UNESCO Kültürel Çeşitlilik Sözleşmesi İmzalanmalı
Bu yıl, UNESCO Kültürel İfadelerin Çeşitliliğinin Korunması ve Geliştirilmesi Sözleşmesinin 10. Yılı. Sözleşme, özellikle az gelişmiş ve gelişmekte olan ülkelerdeki farklı kültürel ifadelerin korunması, üretilmeye devam edilmesi ve toplumun her kesimiyle buluşmasının sağlanması amaçlarıyla UNESCO tarafından 2005 yılında düzenlendi ve bugüne kadar 139 ülke ve Avrupa Birliği (AB) tarafından imzalandı. Sözleşmenin Türkiye tarafından imzalanması konusu uzun zamandır hükümet gündeminde yer alıyor ve Türkiye’nin sözleşmeyi imzalaması gerektiği, AB ilerleme raporlarında ve sivil toplum tarafından hazırlanan rapor ve bildirgelerde sürekli olarak vurgulanıyor. Buna rağmen, Türkiye henüz sözleşmenin imzacısı değil.
Kültürel İfadelerin Çeşitliliğin Korunması ve Geliştirilmesi Sözleşmesine göre “kültürel ifadeler”, bireylerin, grupların ve toplumların yaratıcılığından kaynaklanan ve kültürel içerik barındıran ifadelerdir. Ve bu ifadeler, kültürel etkinlikler, ürünler ve hizmetler aracılığıyla somutlaştırılır, muhtelif sanatsal yaratım, üretim, yayılım, dağıtım ve kullanım biçimleriyle ortaya konurlar.

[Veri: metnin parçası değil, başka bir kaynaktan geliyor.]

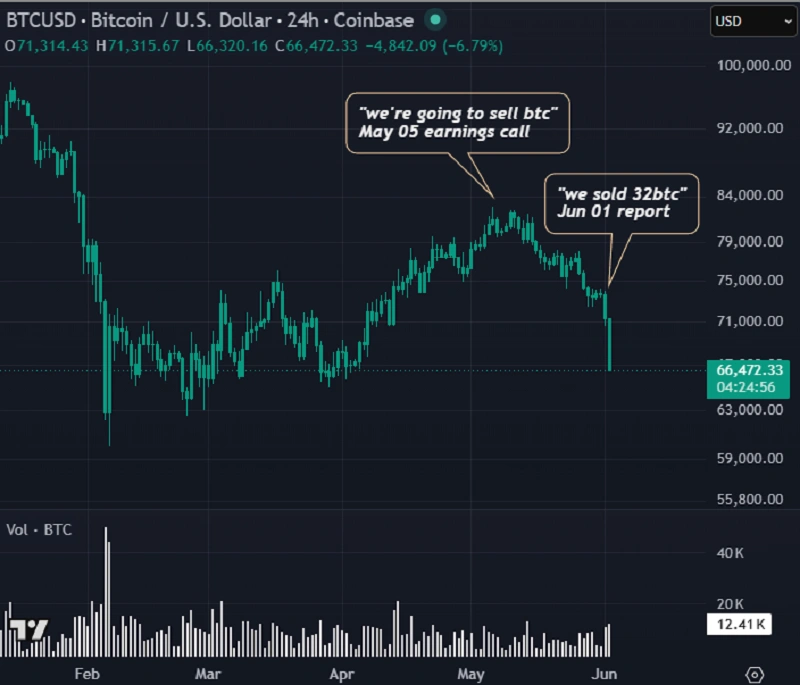 Bitcoin price chart with Strategy BTC sale annotations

Sözleşmede de belirtildiği gibi, kültürel ifadelerdeki çeşitlilik insanlığın belirleyici bir niteliğidir ve insanlığın ortak mirasını oluşturur. Bu nedenle, herkesin yararı için değer verilmesi ve korunması gereken bir olgudur. Kültürel çeşitlilik, tercihlerin çeşitliliğini artırır ve insani kapasiteler ile değerleri besleyen zengin ve çeşitli bir dünya yaratır. Kültürel çeşitliliğin korunması, geliştirilmesi ve sürdürülmesi, bugünkü ve gelecek kuşakların yararı için sürdürülebilir kalkınmanın temel bir gerekliliğidir.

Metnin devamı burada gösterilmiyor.